We Hate You Please Die : « C’est pas avec le rock qu’on changera le monde, mais c’est un bon défouloir »
Le 3 octobre dernier, on a rencontré We Hate You Please Die pour une interview juste avant leur première fois à la Maroquinerie, en ouverture pour leurs copains de MNNQNS.
Vous allez ouvrir pour MNNQNS qui fêtent la sortie de leur premier album ce soir, qu’est ce que ça vous fait ?
Mathilde (batterie) : C’est du soutien ! C’est nos copains, ça fait plaisir de jouer avec eux à la Maroquinerie !
Joseph (guitare) : On avait déjà joué ensemble au 3 Pièces, un des bars à concerts rock à Rouen, c’est marrant de se retrouver dans un contexte complètement différent. C’était il y a un an et demi ! On n’a pas arrêté de se croiser entre temps, et, pour eux comme pour nous, il y a pas mal de trucs qui se sont passés depuis, ça fait bien plaisir.
Quand on les a rencontrés, ils nous ont dit que les groupes de Rouen étaient très proches humainement, mais pas forcément musicalement, qu’il n’y avait pas vraiment d’unité…

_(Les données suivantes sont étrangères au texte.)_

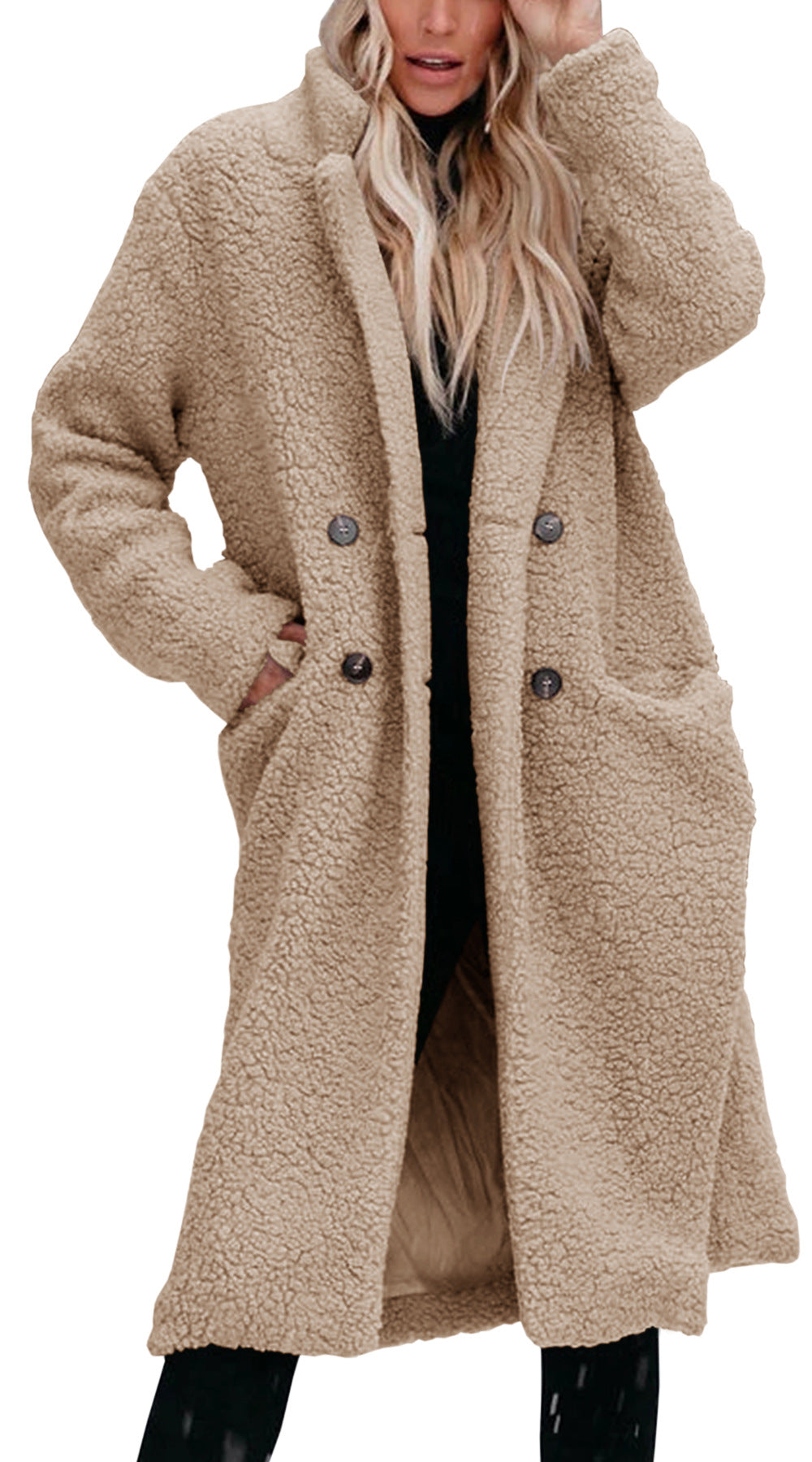 Damen Oversized Teddy-Mantel mit Knopfverschluss und praktischen Taschen Amawinc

Mathilde : En fait à Rouen il y a beaucoup de diversité musicale. Nous on fait plus du garage punk, il y a des groupes plus pop, d’autres plus dark…
Du coup, vous ne vous sentez pas spécialement influencés par cette scène ?
Joseph : Par la scène peut être pas, mais par la dynamique assez vivante. On a pas mal de copains qui font de la musique, il y a pas mal d’échanges, quand on est avec des potes on se fait écouter des trucs, on va voir les concerts des copains… et pas que ! Il y a pas mal de concerts à aller voir à Rouen de groupes qui viennent d’un peu partout. C’est une bonne synergie !
MNNQNS sont très inspirés par la scène anglaise, on dirait que vous c’est plutôt la scène américaine qui vous influence…
Joseph : Peut être… Mais je crois qu’on ne se pose pas beaucoup la question. Mais peut être !
Raphaël (chant) : Je pense que les 3/4 viennent d’Amérique, ouais.
Joseph : Je ne crois pas qu’on essaye de se revendiquer « musique américaine », mais c’est vrai… maintenant que tu le dis, pas mal de trucs que j’écoute sont quand même américains.
Le nom du groupe est tiré du film Scott Pilgrim. Comment est-ce que vous avez fait la connexion entre cette pop-culture américaine et cet engagement dans votre musique qui est assez éloigné des films d’Edgar Wright…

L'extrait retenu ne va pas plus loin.